Below is a listing; retype exactly the lines between the one containing "For this example" and the one containing "T waves represent", inclusive, minus the pictures.

[Excerpted data]

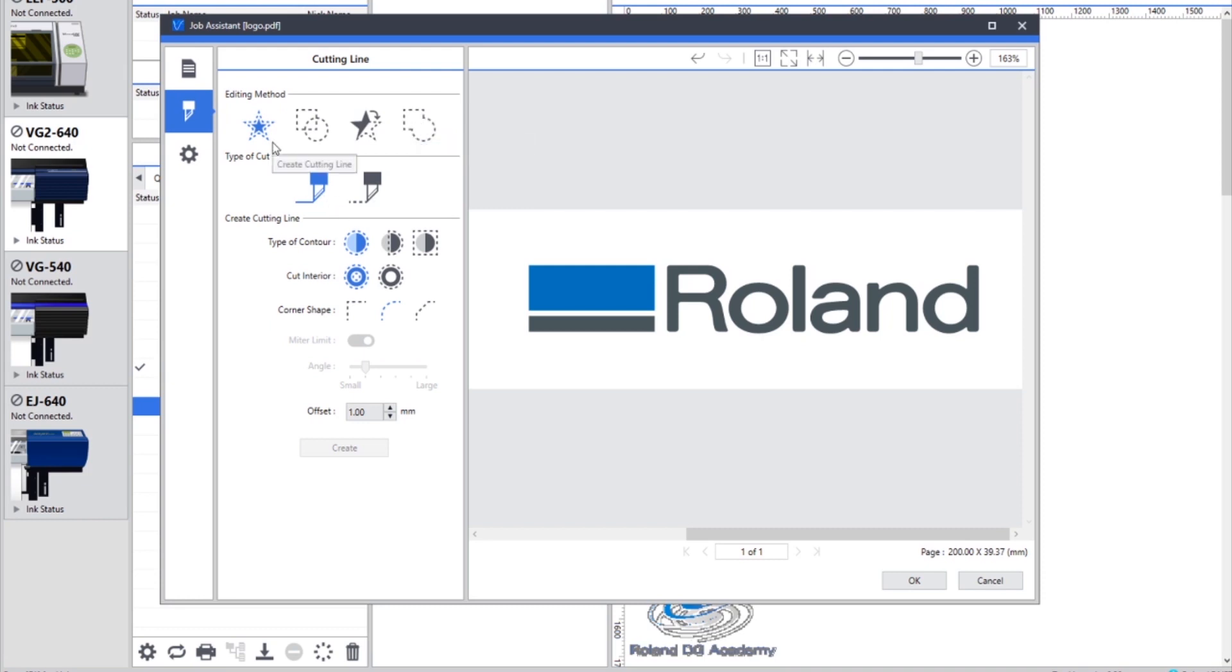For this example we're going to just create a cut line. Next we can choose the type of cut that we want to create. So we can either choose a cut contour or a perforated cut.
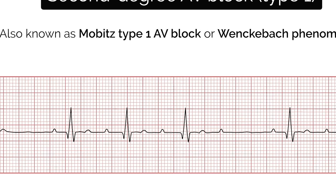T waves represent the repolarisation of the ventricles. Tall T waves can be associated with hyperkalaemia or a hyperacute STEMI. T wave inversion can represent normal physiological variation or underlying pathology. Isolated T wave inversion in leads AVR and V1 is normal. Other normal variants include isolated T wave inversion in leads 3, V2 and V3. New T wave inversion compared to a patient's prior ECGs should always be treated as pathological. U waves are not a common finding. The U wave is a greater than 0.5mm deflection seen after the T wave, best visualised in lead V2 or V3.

[/Excerpted data]
[Excerpted data]

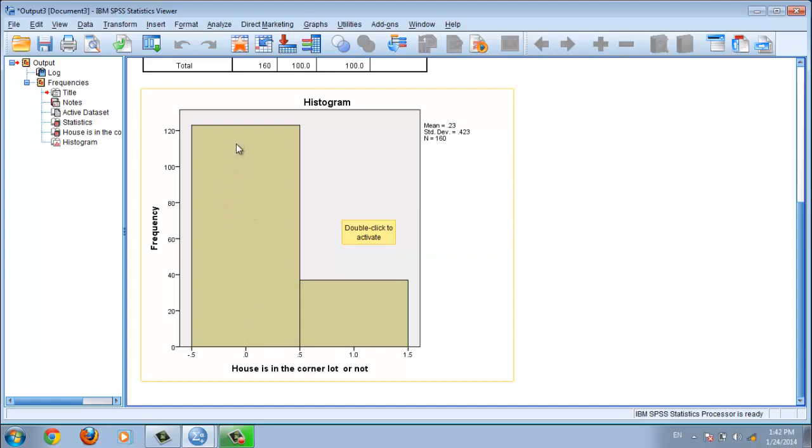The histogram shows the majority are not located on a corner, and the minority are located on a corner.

[/Excerpted data]
[Excerpted data]

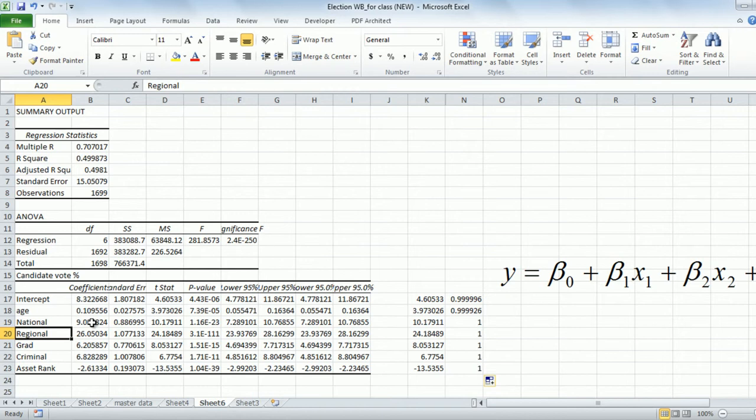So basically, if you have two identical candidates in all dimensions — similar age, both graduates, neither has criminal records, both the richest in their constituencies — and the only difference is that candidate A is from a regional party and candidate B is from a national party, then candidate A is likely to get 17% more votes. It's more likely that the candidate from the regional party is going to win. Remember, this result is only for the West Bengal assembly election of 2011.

[/Excerpted data]

# [Your response]
For this example we're going to just create a cut line. Next we can choose the type of cut that we want to create. So we can either choose a cut contour or a perforated cut.
T waves represent the repolarisation of the ventricles. Tall T waves can be associated with hyperkalaemia or a hyperacute STEMI. T wave inversion can represent normal physiological variation or underlying pathology. Isolated T wave inversion in leads AVR and V1 is normal. Other normal variants include isolated T wave inversion in leads 3, V2 and V3. New T wave inversion compared to a patient's prior ECGs should always be treated as pathological. U waves are not a common finding. The U wave is a greater than 0.5mm deflection seen after the T wave, best visualised in lead V2 or V3.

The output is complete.